Segundo as investigações, a jovem estava em um estabelecimento comercial no bairro Goiano quando foi abordada pela suspeita. Sob grave ameaça, ela teria sido levada até uma residência, onde permaneceu privada de liberdade.

Durante o período em que manteve a vítima no imóvel, a suspeita teria feito diversas ligações para integrantes de uma facção criminosa, solicitando que fossem ao local para buscá-la. Conforme apurado pela Polícia Civil, a jovem teria sido “decretada” para morrer pelo chamado “tribunal do crime”.

A polícia recebeu uma denúncia sobre o cárcere e iniciou as diligências imediatamente.
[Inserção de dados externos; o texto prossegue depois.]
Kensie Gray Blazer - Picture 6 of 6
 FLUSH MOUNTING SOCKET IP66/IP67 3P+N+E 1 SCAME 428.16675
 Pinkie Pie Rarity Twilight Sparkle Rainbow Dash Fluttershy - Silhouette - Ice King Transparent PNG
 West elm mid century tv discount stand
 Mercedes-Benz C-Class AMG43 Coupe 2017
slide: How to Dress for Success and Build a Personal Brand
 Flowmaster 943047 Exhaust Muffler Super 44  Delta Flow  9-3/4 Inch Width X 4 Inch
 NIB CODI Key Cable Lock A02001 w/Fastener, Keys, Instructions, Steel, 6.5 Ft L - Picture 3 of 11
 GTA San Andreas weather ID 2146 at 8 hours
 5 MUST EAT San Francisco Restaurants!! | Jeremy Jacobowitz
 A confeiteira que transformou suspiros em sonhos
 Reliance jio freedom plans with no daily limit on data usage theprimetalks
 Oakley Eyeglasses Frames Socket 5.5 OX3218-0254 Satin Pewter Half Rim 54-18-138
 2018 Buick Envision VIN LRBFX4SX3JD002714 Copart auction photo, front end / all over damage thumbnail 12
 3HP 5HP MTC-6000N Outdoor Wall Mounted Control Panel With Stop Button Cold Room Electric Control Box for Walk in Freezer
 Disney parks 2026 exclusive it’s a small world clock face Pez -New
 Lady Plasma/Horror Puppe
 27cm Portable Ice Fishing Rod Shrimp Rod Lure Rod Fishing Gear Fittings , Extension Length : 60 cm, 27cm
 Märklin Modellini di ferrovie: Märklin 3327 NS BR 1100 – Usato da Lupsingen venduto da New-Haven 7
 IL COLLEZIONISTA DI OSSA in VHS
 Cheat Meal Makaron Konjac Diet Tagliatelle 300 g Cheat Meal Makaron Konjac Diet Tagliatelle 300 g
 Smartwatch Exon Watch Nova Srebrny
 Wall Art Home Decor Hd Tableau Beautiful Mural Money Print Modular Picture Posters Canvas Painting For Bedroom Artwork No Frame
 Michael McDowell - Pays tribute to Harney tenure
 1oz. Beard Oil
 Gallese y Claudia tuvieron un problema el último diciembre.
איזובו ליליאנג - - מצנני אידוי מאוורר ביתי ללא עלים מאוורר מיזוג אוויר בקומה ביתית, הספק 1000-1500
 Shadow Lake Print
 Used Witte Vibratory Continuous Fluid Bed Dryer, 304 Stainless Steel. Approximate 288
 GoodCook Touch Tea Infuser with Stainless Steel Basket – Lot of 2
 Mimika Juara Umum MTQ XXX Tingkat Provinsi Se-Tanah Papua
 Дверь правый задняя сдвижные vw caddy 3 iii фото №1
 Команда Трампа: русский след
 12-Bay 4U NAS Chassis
Ao chegar ao endereço indicado, a equipe encontrou a vítima ainda presa dentro da residência e conseguiu resgatá-la.

As investigações também apontaram uma possível motivação para o crime. A vítima teria testemunhado em um processo relacionado a um homicídio e fornecido informações que contribuíram para a identificação do suspeito de cometer o assassinato.

Diante desse histórico, a principal linha investigativa é de que o sequestro possa ter sido uma forma de represália pelo depoimento prestado pela jovem.

Após ser detida, a suspeita foi conduzida à delegacia e autuada em flagrante pelos crimes de sequestro e cárcere privado, além de integrar organização criminosa que utiliza grave ameaça para estabelecer domínio sobre a comunidade, conforme previsto na legislação.

O procedimento investigativo foi encaminhado ao Poder Judiciário e ao Ministério Público para as providências cabíveis.